This week we’ve been looking at the unity of the Body of Christ we’ve been called to. As God’s blood-bought children we are called into union with Christ, identified with His righteousness, seated with Him in heavenly places and exhorted to live and walk in a manner that is worthy of the divine calling, with which we have all been called (Eph 4:1-7). Yesterday we looked at the gifts that Christ brought to us in victory (Eph 4:8).
So today, I looked at the next two verses in context: “But to each one of us grace was given according to the measure of Christ’s gift. Therefore He says: ‘When He ascended on high, He led captivity captive, and gave gifts to men.’ (Now this, “He ascended”—what does it mean but that He also first descended into the lower parts of the earth? He who descended is also the One who ascended far above all the heavens, that He might fill all things.) (Eph 4:7-10)
I’ve read many differing opinions on what it means that Jesus descended into the lower parts of the earth. However, I want to look more deeply at the last verse in this passage: “He who descended is also the One who ascended far above all the heavens, that He might fill all things.” (Eph 4:10) As I looked at “He might fill all things” I know that means me, and you and all who have come to the saving grace Jesus bestows by our faith, weak though it is many times.
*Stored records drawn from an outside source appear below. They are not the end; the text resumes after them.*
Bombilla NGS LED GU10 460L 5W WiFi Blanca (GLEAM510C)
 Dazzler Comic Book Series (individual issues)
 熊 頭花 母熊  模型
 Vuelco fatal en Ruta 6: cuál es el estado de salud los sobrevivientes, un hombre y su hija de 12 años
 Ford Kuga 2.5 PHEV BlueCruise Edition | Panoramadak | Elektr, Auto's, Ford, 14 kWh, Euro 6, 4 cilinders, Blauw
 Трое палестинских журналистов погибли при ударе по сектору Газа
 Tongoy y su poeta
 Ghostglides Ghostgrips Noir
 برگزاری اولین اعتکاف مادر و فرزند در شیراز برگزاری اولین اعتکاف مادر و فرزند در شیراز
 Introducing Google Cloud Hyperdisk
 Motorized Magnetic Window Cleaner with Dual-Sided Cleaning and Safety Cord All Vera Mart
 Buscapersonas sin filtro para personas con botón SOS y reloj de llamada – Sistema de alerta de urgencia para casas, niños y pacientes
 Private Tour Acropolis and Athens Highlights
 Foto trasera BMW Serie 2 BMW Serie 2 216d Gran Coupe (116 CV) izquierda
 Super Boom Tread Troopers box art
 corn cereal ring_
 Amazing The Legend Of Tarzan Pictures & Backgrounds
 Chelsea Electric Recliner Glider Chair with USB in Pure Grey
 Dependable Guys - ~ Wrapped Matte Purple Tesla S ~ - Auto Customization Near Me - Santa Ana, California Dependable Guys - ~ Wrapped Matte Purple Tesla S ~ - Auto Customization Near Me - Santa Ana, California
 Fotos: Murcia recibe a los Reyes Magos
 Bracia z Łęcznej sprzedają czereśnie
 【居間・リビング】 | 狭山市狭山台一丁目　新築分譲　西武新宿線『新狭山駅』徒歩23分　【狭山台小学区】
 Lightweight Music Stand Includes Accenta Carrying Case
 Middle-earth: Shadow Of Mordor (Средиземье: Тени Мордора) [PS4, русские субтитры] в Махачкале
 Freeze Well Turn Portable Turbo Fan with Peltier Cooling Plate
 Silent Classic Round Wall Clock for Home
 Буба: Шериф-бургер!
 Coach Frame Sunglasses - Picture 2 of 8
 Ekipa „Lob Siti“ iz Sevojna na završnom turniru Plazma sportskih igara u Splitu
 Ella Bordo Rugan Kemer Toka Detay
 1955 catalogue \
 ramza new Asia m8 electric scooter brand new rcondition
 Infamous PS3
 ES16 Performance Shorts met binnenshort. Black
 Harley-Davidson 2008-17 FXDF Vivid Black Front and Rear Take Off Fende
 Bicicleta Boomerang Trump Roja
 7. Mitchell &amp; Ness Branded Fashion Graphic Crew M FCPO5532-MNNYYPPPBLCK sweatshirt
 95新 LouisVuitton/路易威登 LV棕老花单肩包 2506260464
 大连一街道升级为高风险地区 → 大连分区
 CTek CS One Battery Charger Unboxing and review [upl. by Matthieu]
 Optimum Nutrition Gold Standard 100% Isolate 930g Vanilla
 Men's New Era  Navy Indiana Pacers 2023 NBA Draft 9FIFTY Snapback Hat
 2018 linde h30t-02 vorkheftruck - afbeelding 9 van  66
That phrase took me back to the end of the first chapter in this epistle with Paul praying that “the eyes of your understanding being enlightened; that you may know what is the hope of His calling, what are the riches of the glory of His inheritance in the saints, and what is the exceeding greatness of His power toward us who believe, according to the working of His mighty power which He worked in Christ when He raised Him from the dead and seated Him at His right hand in the heavenly places, far above all principality and power and might and dominion, and every name that is named, not only in this age but also in that which is to come. And He put all things under His feet, and gave Him to be head over all things to the church, which is His body, the fullness of Him who fills all in all.” (Eph 1:18-23)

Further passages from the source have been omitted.